Content starts
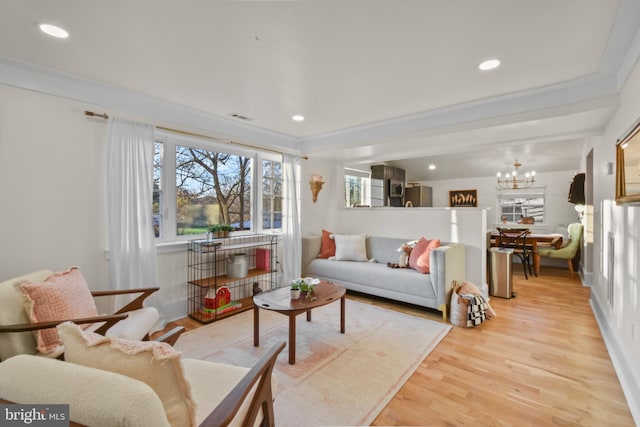 living room featuring crown molding, a chandelier, and light wood-type flooring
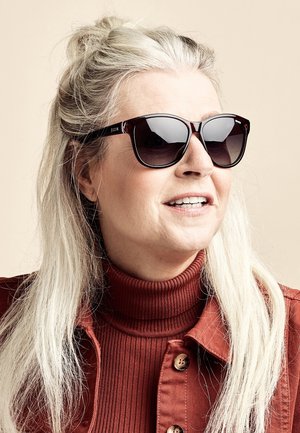 Bruine zonnebril met een glanzende afwerking, dikke monturen en donkere lenzen; gedragen met een geribbelde, hoge hals trui en een button-up jas.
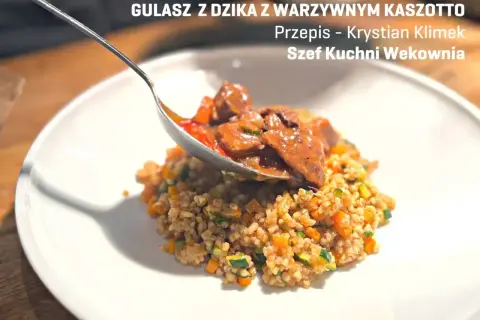 Gulasz z dzika z kaszotto warzywnym. Łyżka nakłada aromatyczne mięso na talerz pełen zdrowego kaszotto.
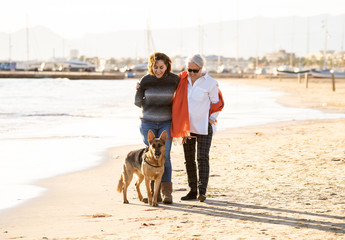 Beautiful older mom and mature daughter walking their german shepard dog on beach at autumn sunset
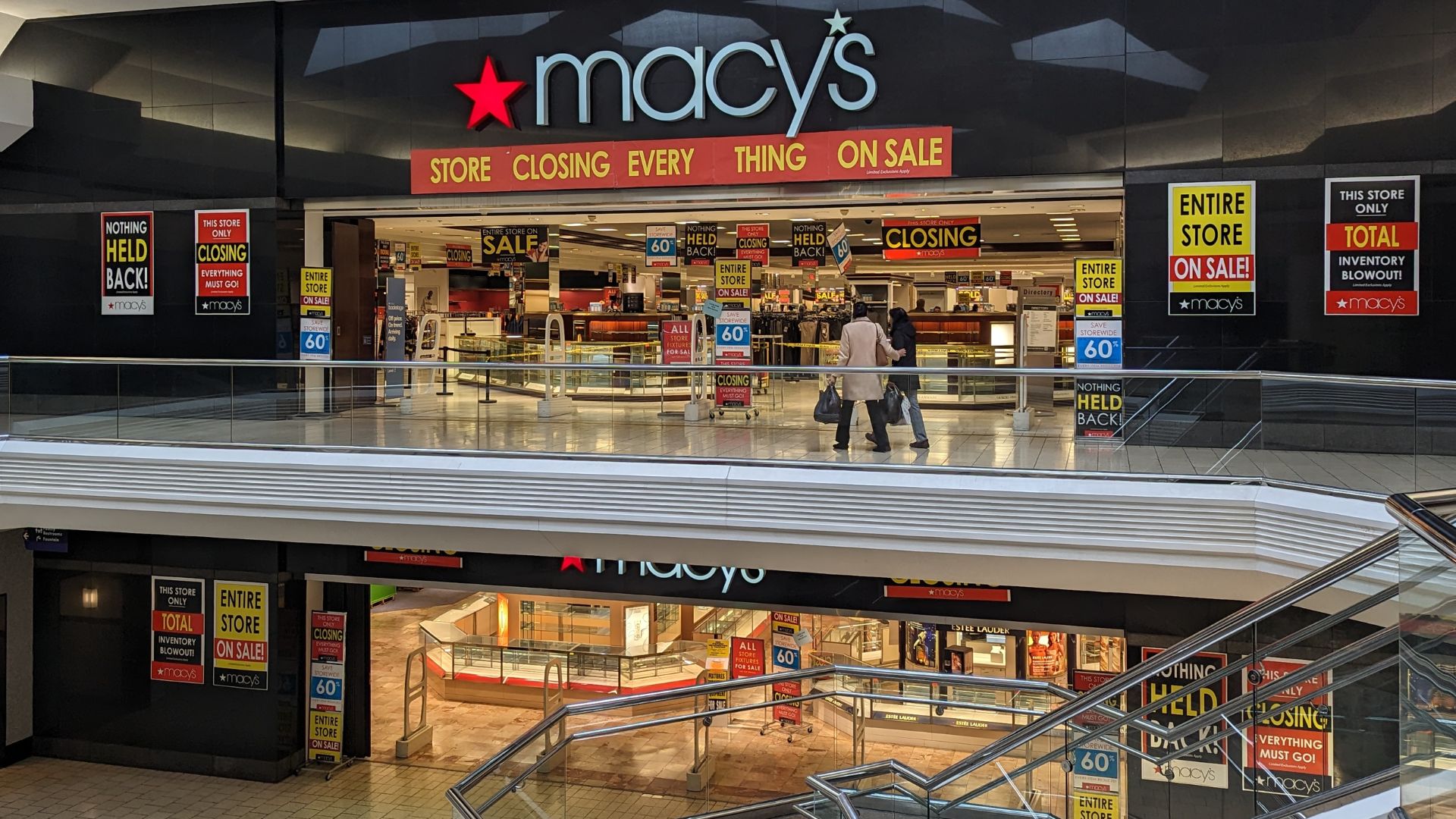 A store front with signs and people walking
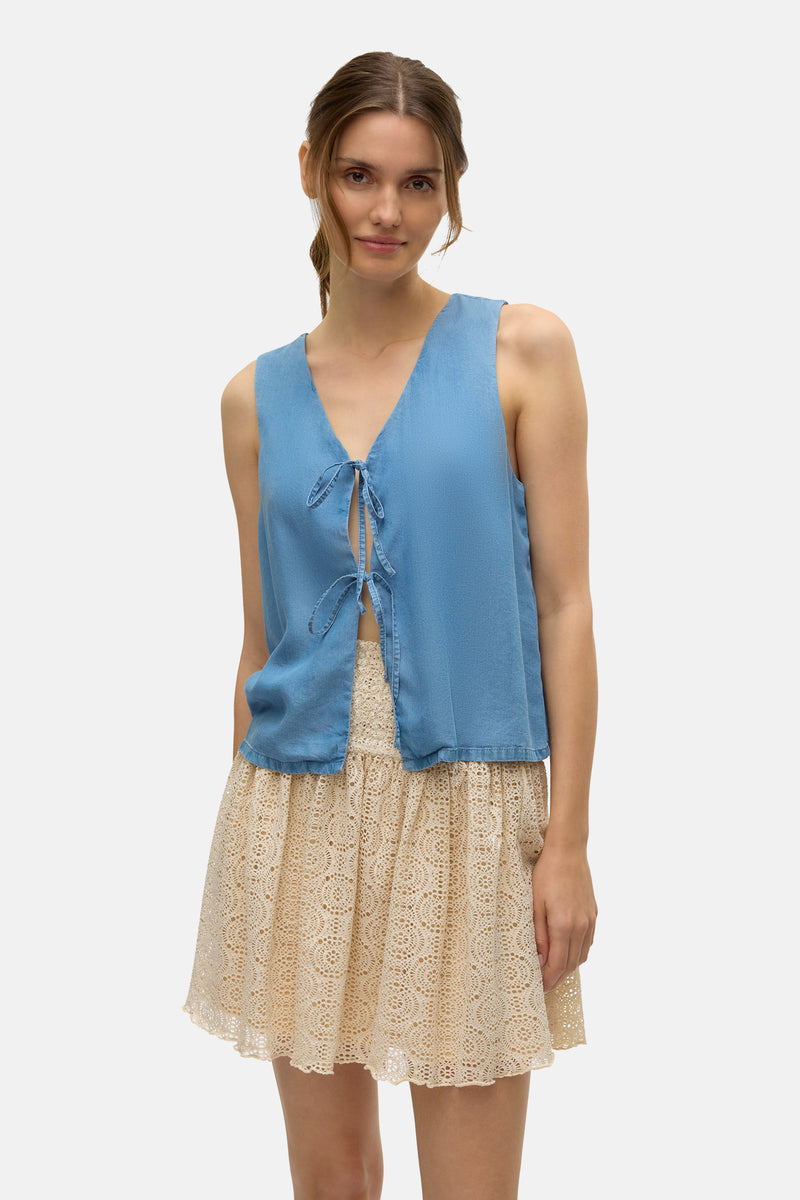 Blouse bleue à nouer de VERO MODA, portée avec une jupe courte en dentelle beige.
Content ends
[Work to complete]: Beginning with the line that holds "Bruine zonnebril met", output each line to the end of the material above, exactly, omitting the pictures.

[Answer box]:
 Bruine zonnebril met een glanzende afwerking, dikke monturen en donkere lenzen; gedragen met een geribbelde, hoge hals trui en een button-up jas.
 Gulasz z dzika z kaszotto warzywnym. Łyżka nakłada aromatyczne mięso na talerz pełen zdrowego kaszotto.
 Beautiful older mom and mature daughter walking their german shepard dog on beach at autumn sunset
 A store front with signs and people walking
 Blouse bleue à nouer de VERO MODA, portée avec une jupe courte en dentelle beige.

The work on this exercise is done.